Tool to fetch web content via ScrapingBee’s Proxy Mode. Use when you need to route requests through ScrapingBee proxies with optional JS rendering and resource blocking.

Input parameters

Name	Type	Required	Description
`url`	string	Yes	The target URL to scrape through ScrapingBee Proxy Mode.
`cookies`	object	No	Cookies to send with the request as a key-value mapping.
`headers`	object	No	Additional HTTP headers to forward to the target site. Each header will be prefixed with `Spb-` and forwarded when `forward_headers` is enabled.
`timeout`	integer	No	Request timeout in milliseconds.
`block_ads`	boolean	No	Block ads and tracking scripts to speed up scraping.
`render_js`	boolean	No	Enable JavaScript rendering before returning content.
`session_id`	integer	No	Session identifier (integer) to keep the same IP for multiple requests. Use the same number to maintain consistent IP across requests.
`js_scenario`	string	No	Custom JavaScript scenario name for advanced interactions.
`country_code`	string	No	Two-letter country code for geolocated proxy (e.g., `us`, `fr`).
`premium_proxy`	boolean	No	Use premium proxies for higher reliability.
`stealth_proxy`	boolean	No	Use stealth proxy mode for extra undetectability.
`block_resources`	boolean	No	Block images and CSS resources to speed up scraping. Only relevant when `render_js` is enabled.
`forward_headers`	boolean	No	Forward original request headers to the target site.

Output

Name	Type	Required	Description
`data`	string	Yes	Data from the action execution.
`error`	string	No	Error message if execution failed.
`successful`	boolean	Yes	Whether the action executed successfully.

Stealth Proxy

SCRAPINGBEE_STEALTH_PROXY

Tool to perform stealth scraping via ScrapingBee’s Stealth Proxy mode.
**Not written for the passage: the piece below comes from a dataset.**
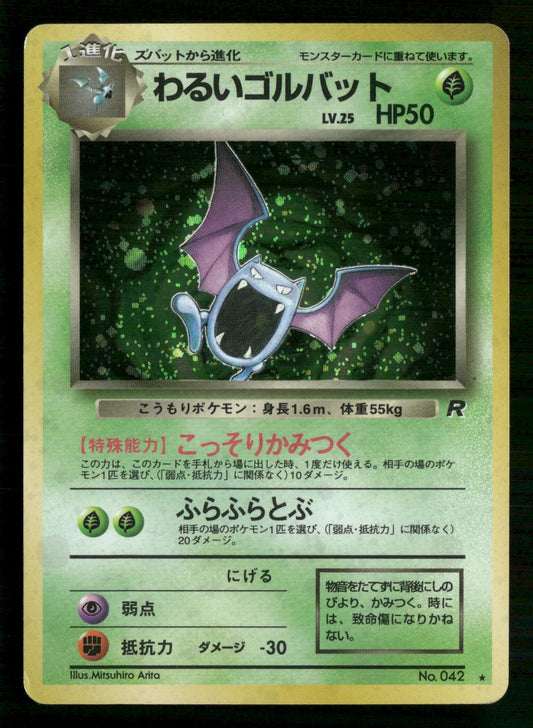 Dark Golbat NO. 042 Holo Rare Team Rocket Pokemon Japanese Lightly Played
Use when you encounter anti-bot measures requiring undetectable requests.

Input parameters

Name	Type	Required	Description
`url`	string	Yes	The URL of the webpage to retrieve using stealth proxy.
`wait`	integer	No	Wait time in milliseconds before returning the response.
`device`	string	No	Device type to emulate during rendering. Options: `desktop` or `mobile`.
`cookies`	string	No	Custom cookies in semicolon-separated format: `name1=value1;name2=value2`.
`js_render`	boolean	No	Render JavaScript on the page before returning the response.
`country_code`	string	No	Two-letter country code for proxy geolocation (e.g., `us`, `de`).
`extract_rules`	string	No	Extraction rules in JSON string for structured data.
`premium_proxy`	boolean	No	Use premium proxies for higher reliability.
`stealth_proxy`	boolean	No	Enable stealth proxy mode. Use when the target site blocks bots.
`block_resources`	boolean	No	Block images, styles, and fonts for faster loads.
`forward_headers`	boolean	No	Forward original request headers from the browser.
`return_page_source`	boolean	No	Return the raw page source instead of text.

Output

Name	Type	Required	Description
`data`	string	Yes	Data from the action execution.
`error`	string	No	Error message if execution failed.
`successful`	boolean	Yes	Whether the action executed successfully.

Usage Stats

SCRAPINGBEE_USAGE_STATS

Tool to retrieve usage statistics for your ScrapingBee account. Use when you need to monitor remaining credits and request count.

Output

Name	Type	Required	Description
`data`	string	Yes	Data from the action execution.
`error`	string	No	Error message if execution failed.
`successful`	boolean	Yes	Whether the action executed successfully.